Brand-Building in EMEA isn't One-Size-Fits-All
About the author: Marco Wellermann is the Director of Business Development for EMEA with Red Harp Group. A sales, marketing and business development executive with 20 years experience, Marco has created and successfully launched new products for International markets, and managed several businesses, global teams, and operations from inception.
I have lived and worked in Amsterdam, Taipei, Hong Kong, Paris, Jeddah, and now Berlin! Throughout my almost 20 years in business, I’ve traveled all over the region commonly known as EMEA (Europe, the Middle East, and Africa), establishing consumer brands in both emerging and mature, highly-competitive diversified markets. This post is the first in a series of four articles about growing new brands in EMEA.
To give you an idea about what EMEA actually means, I'll start by providing a brief introduction of the region, across Europe, Russia & CIS, the Middle East, and Africa. I'll talk about numbers, the challenges and opportunities it brings, and what's really important from a brand perspective. In subsequent articles, I'll talk in detail about what brands have to keep in mind while planning their market entry strategies from a channel, language, marketing, logistics and financial standpoint.
Despite being grouped together under the "EMEA" umbrella, there's actually little that unites the region and its 116 countries, other than the fact that their location lies somewhere between 40° W and 53° E by longitude. It contains incredible political, economic, linguistic, cultural, religious and climatic diversity. Some of the world's richest countries are lumped in with some of the poorest. Political systems range from stable democracies, to autocracies, to failed states.
The total estimated population of the EMEA region is between 2.1 and 2.2 billion people, occupying the land from the most northern parts of Europe all the way to the southern parts of Africa. When combined, the region has around 200 native languages, although a large percentage of the region can understand English, French, Arabic, German or Russian.
EMEA generates about $27.5 Trillion in Gross Domestic Product (GDP) every year. This is about 38% of the world GDP. Clearly if you have products or services with global appeal, EMEA is not a market you can afford to skip over. Revenue in the consumer electronics category across Europe, alone, will amount to 223 billion USD this year.
57% of revenues in the consumer electronics space are still coming from traditional offline retail channels
Unlike other parts of the world, like the US and China, the offline retail market in Europe is performing very strong, despite stiff competition from global e-commerce powerhouses like Amazon and eBay, among others. As the graph below shows, 57% of revenues in the consumer electronics space are still coming from traditional offline retail channels. Retailers like MediaMarkt, Dixons, Carrefour, etc. are still operating thousands of stores. If you want your brand to be successful, then you have to understand that you cannot simply rely on online sales alone.
In your brand-building, you cannot solely rely on the Big 3; never underestimate some of the smaller markets
Europe’s growth during the 20th Century was, for the most part, dominated by the economic powerhouses of the United Kingdom, France, and Germany. But over the past few years these countries have been outpaced by markets often overlooked in the central and eastern regions, such as the Czech Republic, Poland, Romania, Hungary, and Slovakia. In 2017, Romania was the fastest-growing economy in the EU, with an estimated GDP growth rate of 6.4 percent. If you want to be successful in your brand-building, you cannot solely rely on the Big 3; never underestimate some of the smaller markets, as those can be easier to enter, easier in which to develop brand loyalty, and still highly lucrative.

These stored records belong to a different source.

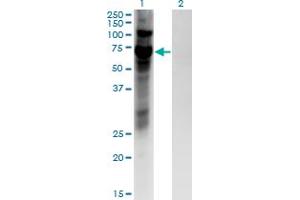 Image no. 3 for anti-Zinc Finger Protein 10 (ZNF10) (AA 1-98) antibody (ABIN948637)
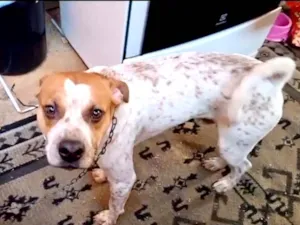 Cachorro raça SRD-ViraLata idade 7 a 11 meses nome Billy bb10meses 
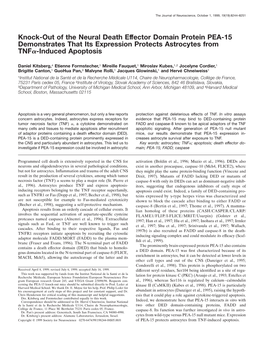 Knock-Out of the Neural Death Effector Domain Protein PEA-15 Demonstrates That Its Expression Protects Astrocytes from TNF␣-Induced Apoptosis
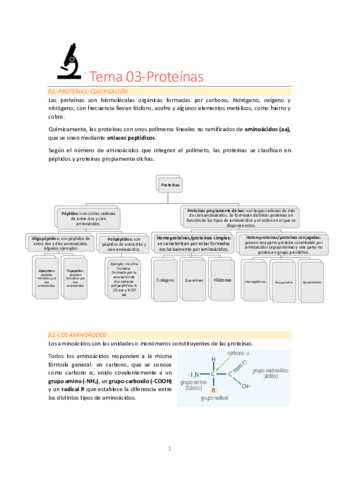 RESUMEN-PROTEINAS.pdf
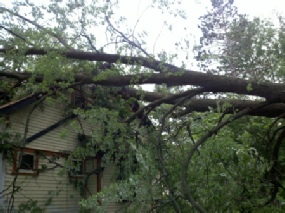 Storm damaged tree removal Genesee County MI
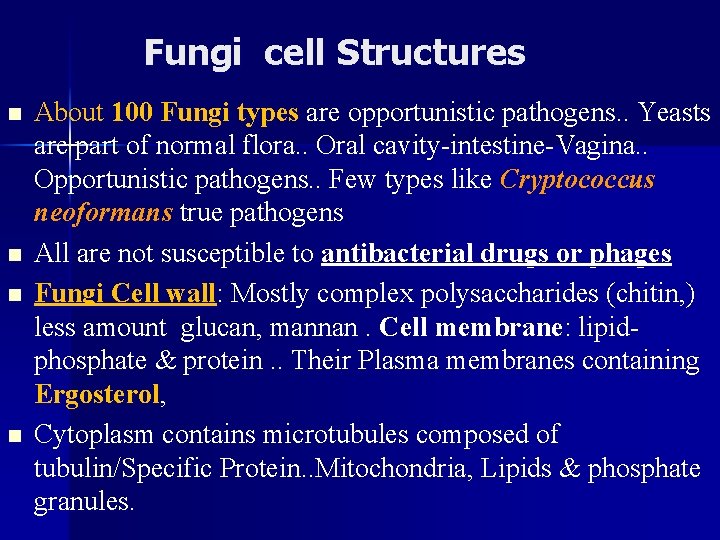 Fungi cell Structures n n About 100 Fungi types are opportunistic pathogens. . Yeasts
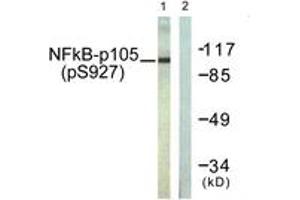 Western blot analysis of extracts from HeLa cells treated with LPS 100ng/ml 30', using NF-kappaB p105/p50 (Phospho-Ser927) Antibody. (NFKB1 anticorps  (pSer927))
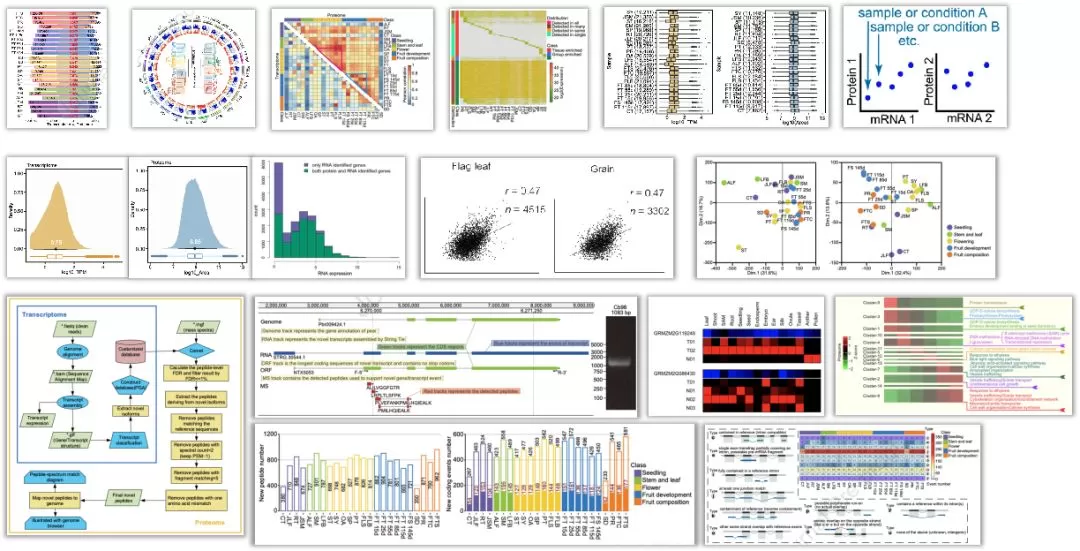 Figure 2. Presentation of some analysis in proteogenomics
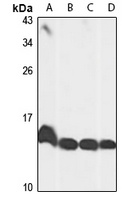 Histone H2A.V Rabbit Polyclonal Antibody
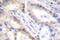 Urocortin antibody, AP06475PU-N, Origene, Immunohistochemistry paraffin image 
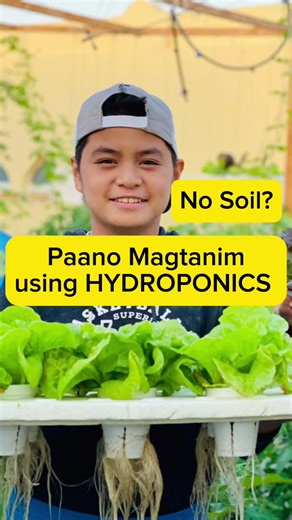 No soil! No problem! Hydroponics Method of Farming #rooftop #garden #diy #vegetable #garden #pinoy #inspiration #motivation #reels #fbreels #trending #viral #farming | Vegetable Gardening and More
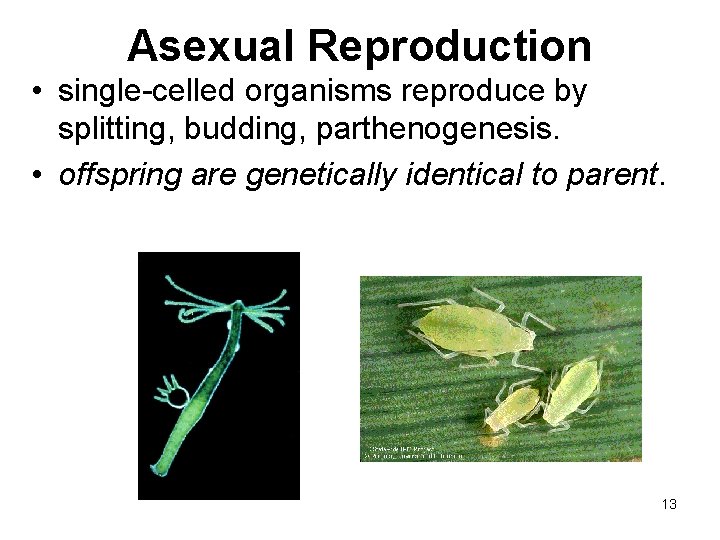 Asexual Reproduction • single-celled organisms reproduce by splitting, budding, parthenogenesis. • offspring are genetically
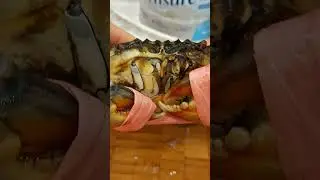 Big Crab Revenge!😫 #shorts #shortsvideo #trending #viralshorts #youtubeshorts #subscribeme #crab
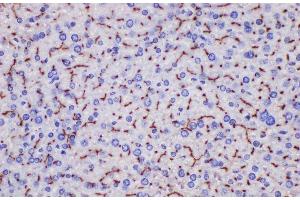Immunohistochemistry of paraffin-embedded Mouse liver using Ceacam1 Polycloanl Antibody at dilution of 1:200 (CEACAM1 anticorps)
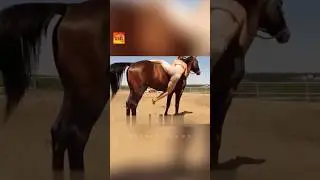 This Horse Went Viral After This Video #animals #viralvideo
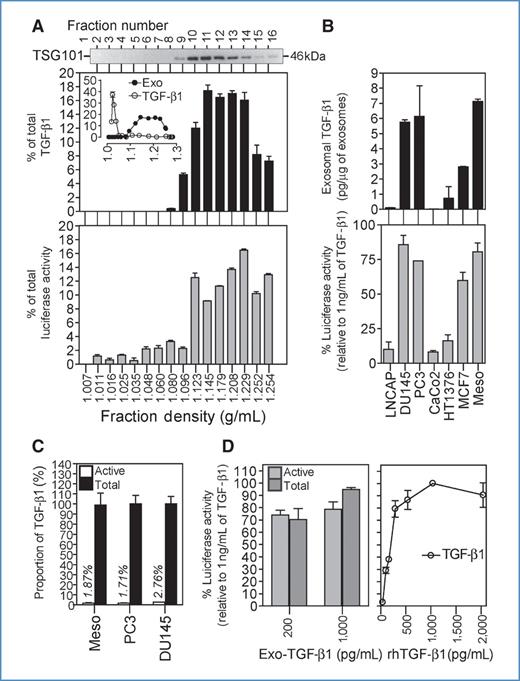 Figure 1. Cancer exosomes express functional TGF-β1. A, pellet (centrifuged at 70,000 × g) from cultured mesothelioma cell–conditioned medium was overlaid on a sucrose gradient (0.2–2.5 mol/L) and spun at 210,000 × g for 20 hours. Fractions (1–16) were collected, and the density of each was measured by refractometry. Each fraction was analyzed by Western blot (staining for the multivesicular body marker TSG101), SMAD3 reporter assay, and TGF-β1 ELISA. Graphs show mean ± SD of duplicates and depict percentage of total SMAD3 activity (gray bars) or percentage of total TGF-β1 (black bars) against fraction density. Inset line graph, ELISA data from fractions taken from a sucrose gradient loaded with soluble rhTGF-β1, highlighting soluble rhTGF-β1 (white circles) and exosomal TGF-β1 (black circles) floats at distinct densities. B, exosomes (200 μg/mL) purified from various cancer cell lines (as indicated) were subject to analysis by SMAD3 activity assay (gray bars), showing mean ± SD of triplicate measurements, and by TGF-β ELISA (black bars), showing mean ± SD of 3 preparations from each line. C, TGF-β ELISA was performed on exosomes (10 μg) prepared from 3 cell lines as indicated, without (active) and with (total) prior activation with acid, revealing exosomal TGF-β to be predominantly in a latent form, showing mean ± SD of 4 replicates. D, similarly, the analysis of exosomes by SMAD3 activity assay, without (active) and with (total) prior acid activation (bars, mean ± SD of 4 replicates), revealing comparable levels of exosomal TGF-β function. In addition, an SMAD3 activity assay using soluble rhTGF-β (0–2,000 pg/mL) was performed showing similar levels of functional activity to exosomal TGF-β (line graph, mean ± SD of 4 replicates).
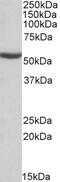 NIMA Related Kinase 7 antibody, 42-700, ProSci, Western Blot image 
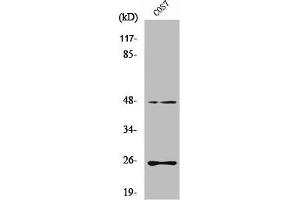 Western Blot analysis of COS7 cells using TGFβ3 Polyclonal Antibody (TGFB3 antibody  (Internal Region))
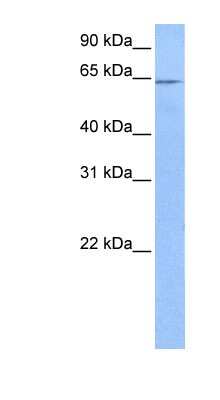 Western Blot: FAM71A Antibody [NBP1-56741]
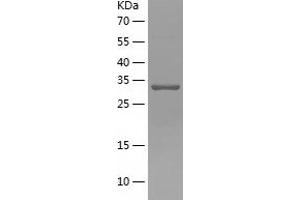 Western Blotting (WB) image for Peroxisomal Biogenesis Factor 19 (PEX19) (AA 1-296) protein (His tag) (ABIN7286101) (PEX19 Protein (AA 1-296) (His tag))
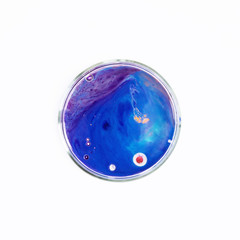 Fluid art in a petri dish. Colorful acrylic, ink, oil and watercolor marble paint splashes. Abstract fluid ocean of color or alien planet of liquid color.  Living colorful bacteria in a petri dish.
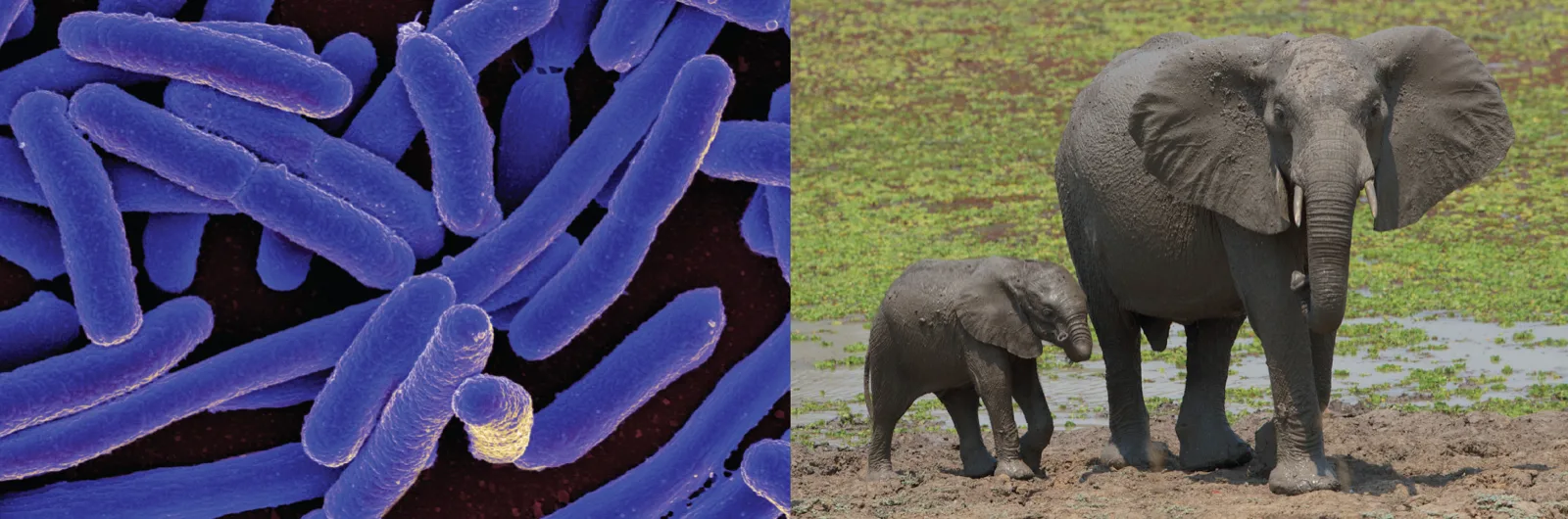 Two photographs. Left, a false-colour scanning electron micrograph of many purple rod-shaped cells packed together, one small yellow-tipped cell among them. Right, an adult elephant and a calf standing on muddy ground in front of a green plain, the adult's tusks and large ears in view.
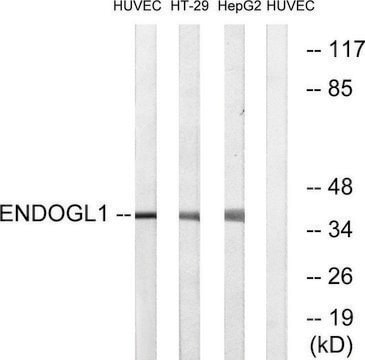 Anti-ENDOGL1 antibody produced in rabbit affinity isolated antibody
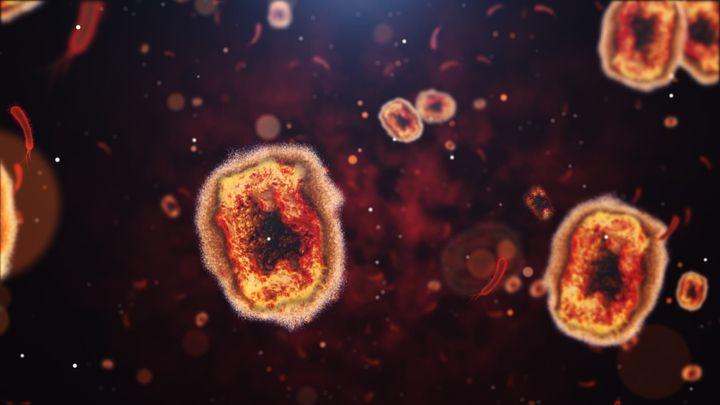 Animation of Monkeypox viruses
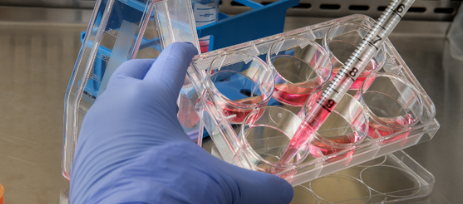 CellulaREvolution Raises £1m to Further Accelerate Development of Lab Grown Cells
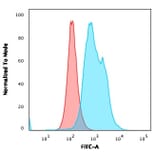 Flow Cytometry - Anti-Thymidylate Synthase Antibody [TYMS/1884] (A250237) - Antibodies.com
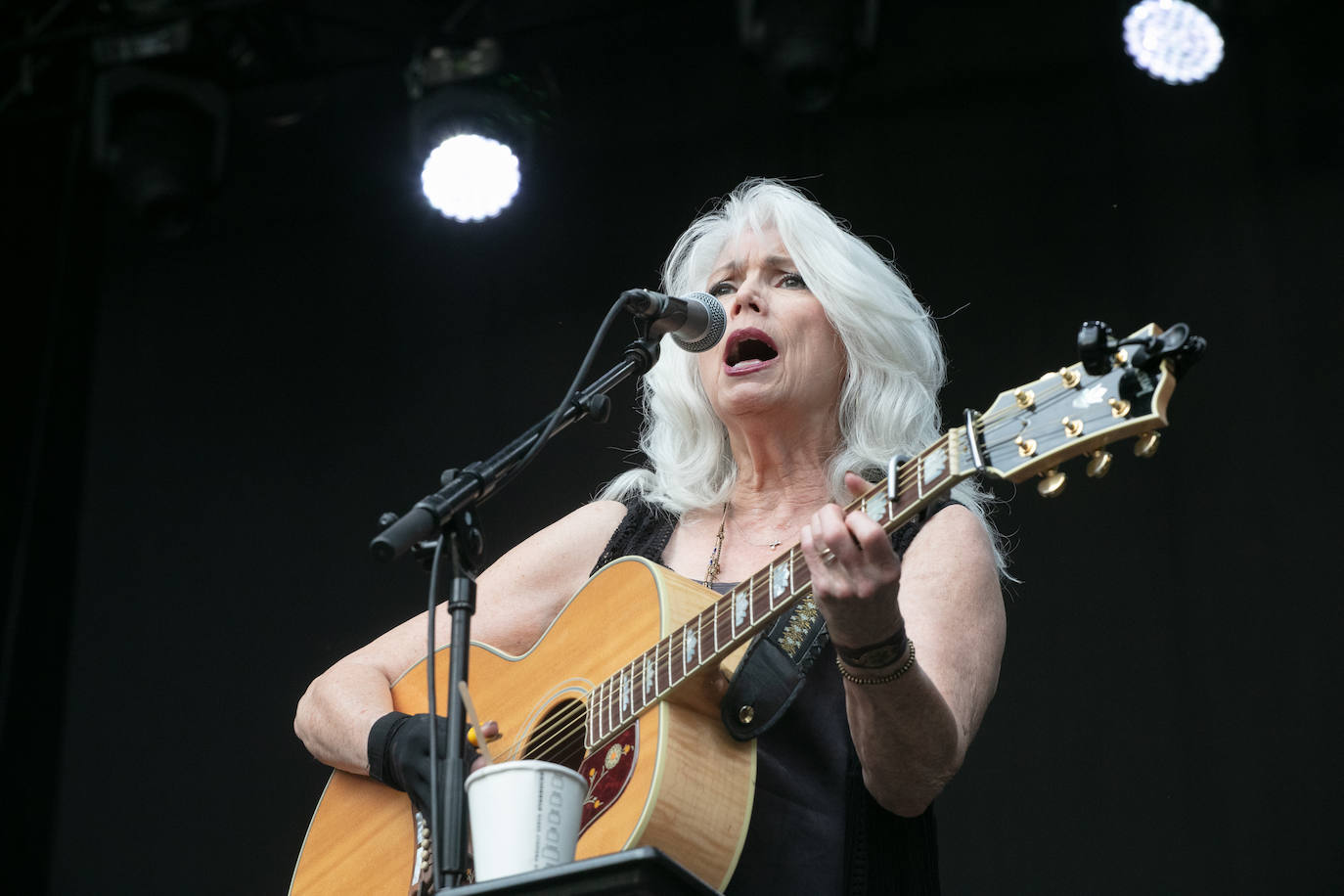 Fotos: Emmylou Harris, en imágenes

Russia is the largest country in the world covering more than 6.6 million square miles
Russia spans two continents, covering a portion of Eastern Europe that borders the Ural Mountains
Russia is ranked among the top 10 nations for economic production. However, despite the high GDP compared to the rest of the world, the average monthly salary is only $670. Salaries in Russia have taken a massive downfall mainly due to the unstable Ruble. Russians were able to buy 40% more goods and services in 2013 than they could in 2018. In recent times, consumers across the country were less optimistic about job opportunities, personal finances, and their immediate spending plans compared to the previous three months, mainly due to the troubling Ruble. The most active online shoppers are Millennials with higher salaries in Russia’s central regions, like Moscow and St. Petersburg.
Middle East In a diverse market like the Middle East, it is important to identify the market characteristics in order to build the right marketing strategies and product advertisements for individual regions. For example, 90% of the population in Saudi Arabia are Arabs, while neighboring countries like the UAE, is mostly a multi-national market, with expats making up more than 80% of the population. More than half of these expats are from Southeast Asia, including India, Pakistan and the Philippines.
With so much demographic and psychographic diversity , a simple one-size-fits-all strategy doesn’t work, and brands should adjust their approaches according to local preferences and demands.
If the Arab League were a single country, its 2011 GDP would have been more than $2.3 trillion, making it the world’s eighth-largest economy — bigger than India or Russia. Its per capita income would be around $6,700 USD — higher than that of China and India.